3. Permintaan Konsumen dan Musiman
Permintaan konsumen terhadap ayam broiler sangat fluktuatif tergantung musim dan momen tertentu. Misalnya, menjelang bulan Ramadan, Hari Raya Idul Fitri, Natal, dan Tahun Baru, permintaan ayam biasanya melonjak tajam karena kebutuhan konsumsi meningkat baik dari rumah tangga maupun pelaku usaha kuliner.
Sebaliknya, pada periode pasca-liburan atau masa-masa tenang, permintaan menurun, dan harga ayam bisa mengalami penurunan. Ketidakseimbangan antara permintaan dan pasokan inilah yang menjadi salah satu pemicu utama fluktuasi harga.
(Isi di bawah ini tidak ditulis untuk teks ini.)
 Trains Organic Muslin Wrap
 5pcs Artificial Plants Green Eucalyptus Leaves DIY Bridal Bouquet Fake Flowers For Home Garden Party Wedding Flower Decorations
4. Distribusi dan Lokasi Geografis
Faktor distribusi dan lokasi juga memainkan peranan penting dalam menentukan harga ayam di suatu wilayah. Daerah yang dekat dengan sentra produksi ayam cenderung memiliki harga yang lebih stabil dan murah karena biaya logistik rendah.
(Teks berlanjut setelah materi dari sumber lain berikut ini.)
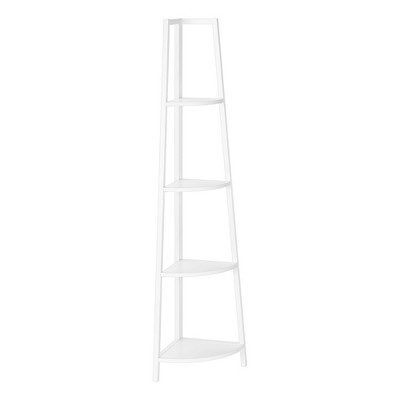Vynxaria 60"h 4 - Tier White Corner Bookshelf for Office and Bedroom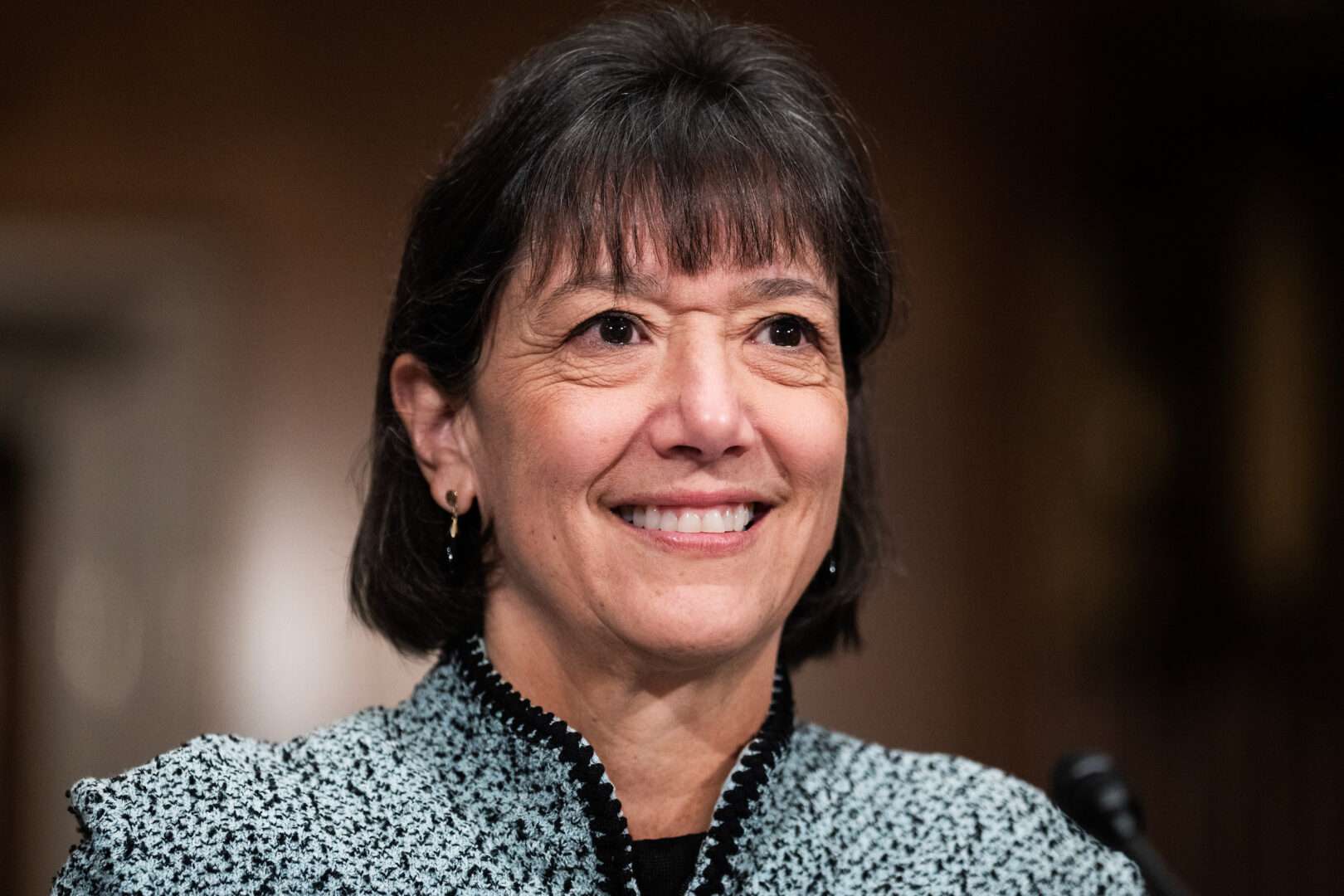 Monica Bertagnolli, nominee to be director of the National Institutes of Health, prepares to testify during her Senate confirmation hearing on Wednesday.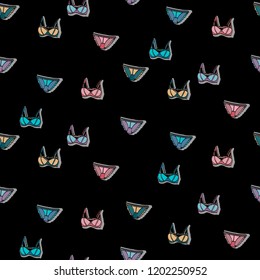 Vector seamless pattern with bra and panty on black background. Typography card design for t-shirts, prints, cards, posters, products packaging, branding.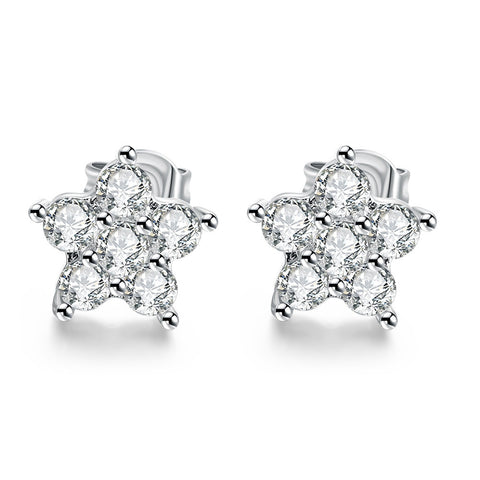 18K White Gold Plated Flower Studded Earrings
Sebaliknya, wilayah terpencil atau yang jauh dari pusat distribusi akan mengalami kenaikan harga karena tingginya biaya transportasi, biaya pendingin, dan risiko kematian ayam selama pengiriman. Infrastruktur jalan yang buruk atau minimnya armada pengangkut juga turut menambah beban biaya distribusi yang akan dibebankan ke konsumen akhir.
5. Kebijakan Pemerintah dan Intervensi Pasar
Pemerintah memiliki peran penting dalam menjaga stabilitas harga ayam melalui kebijakan-kebijakan tertentu, seperti penetapan harga eceran tertinggi (HET), pengawasan distribusi bibit ayam (DOC), atau impor bahan baku pakan. Dalam kondisi tertentu, pemerintah juga dapat melakukan operasi pasar guna menstabilkan harga. Namun, regulasi yang tidak konsisten atau lambat dalam implementasinya juga dapat menimbulkan ketidakpastian harga di kalangan peternak dan pedagang.
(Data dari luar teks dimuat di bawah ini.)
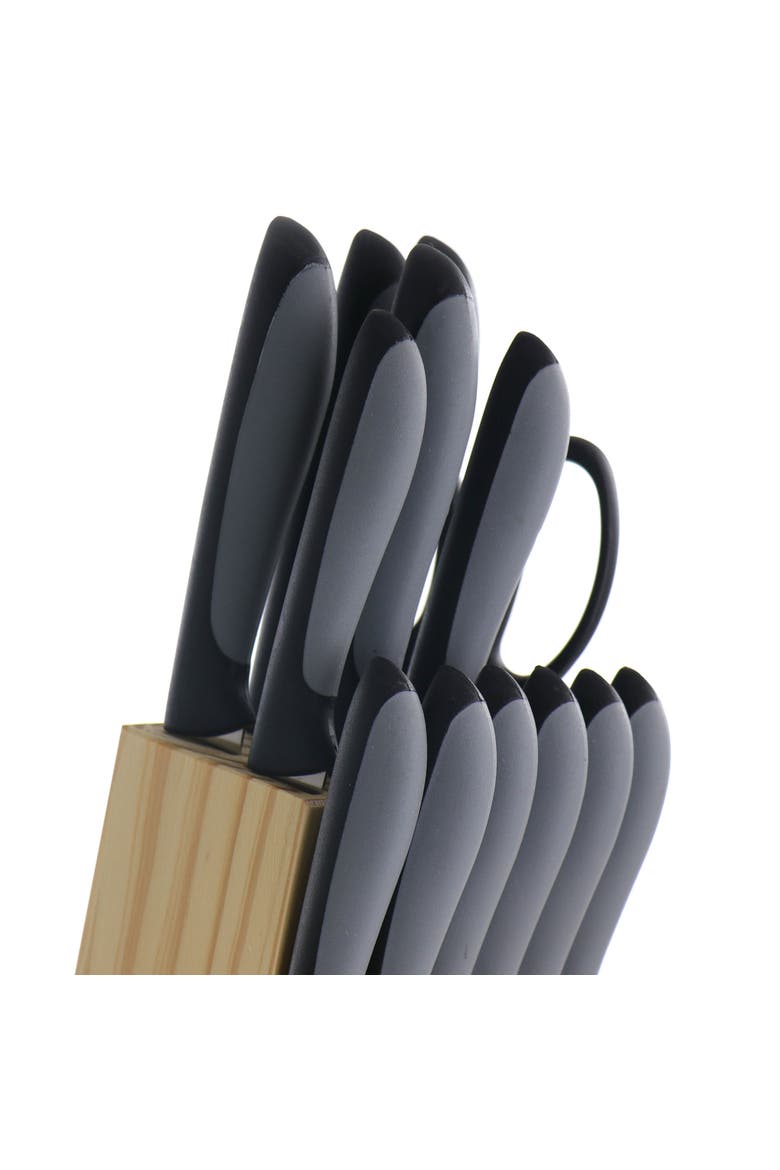 Dorain 14 Piece Stainless Steel Cutlery Set  with Wood Block, Alternate, color, Black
6. Nilai Tukar dan Faktor Global
Indonesia masih mengimpor sebagian besar bahan baku pakan ternak dan obat-obatan, sehingga fluktuasi nilai tukar rupiah terhadap dolar AS sangat berpengaruh terhadap biaya produksi ayam broiler. Ketika rupiah melemah, harga bahan impor naik, dan peternak harus menanggung biaya yang lebih besar. Selain itu, faktor global seperti krisis pangan, konflik geopolitik, dan gangguan rantai pasok internasional juga bisa memberi dampak signifikan terhadap stabilitas harga pakan dan ayam broiler secara keseluruhan.